The practical purpose of any roof is to protect the interior, the contents and the occupants of a building from rain, snow, heat, and cold.
In addition to these practical considerations, the roof should add to the appearance and character of the building, and the passing of time should only enhance its beauty and add to its intrinsic value.
The period of usefulness of the roof will depend upon the resistance of the roofing material itself and the materials with which it is laid to the action of the elements. To be permanent, the roofing material must be unaffected by the action of water, climatic changes and gaseous fumes in the air, and must also be fireproof. For economy, it should require no other material to preserve it. However, even though the material possesses these characteristics, a permanent roof will not be secured unless it is properly laid and its fastenings are selected for the same enduring qualities.
The permanent and fireproof qualities of slate make it eminently suitable for steep slope roofs. In no other roofing material will be found so many characteristics combining to offer such an alluring and indefinable variety in color, texture, and line.

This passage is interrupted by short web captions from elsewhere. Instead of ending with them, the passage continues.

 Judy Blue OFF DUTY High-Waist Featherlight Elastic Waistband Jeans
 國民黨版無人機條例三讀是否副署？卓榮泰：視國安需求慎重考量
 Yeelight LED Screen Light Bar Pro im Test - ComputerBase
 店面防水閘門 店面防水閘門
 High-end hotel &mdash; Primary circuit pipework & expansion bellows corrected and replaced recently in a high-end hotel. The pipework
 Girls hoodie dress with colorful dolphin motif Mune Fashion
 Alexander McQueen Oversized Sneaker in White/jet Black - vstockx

This is easily understood when it is recalled that slate is stone, formed by nature to serve the diversified uses of man. It requires no admixture of materials, domestic or foreign; it needs no heat to form it and no process to manufacture it other than the handiwork of extracting it from the ground in blocks, splitting and trimming them to the desired size and thickness. Moreover, the first cost of slate is not as great as that of many fabricated products, and with its practically negligible maintenance, it becomes the least expensive roof covering available when service and appearance are taken into account. Besides annual savings in insurance rates most slates when removed from old roofs with care are as good as new.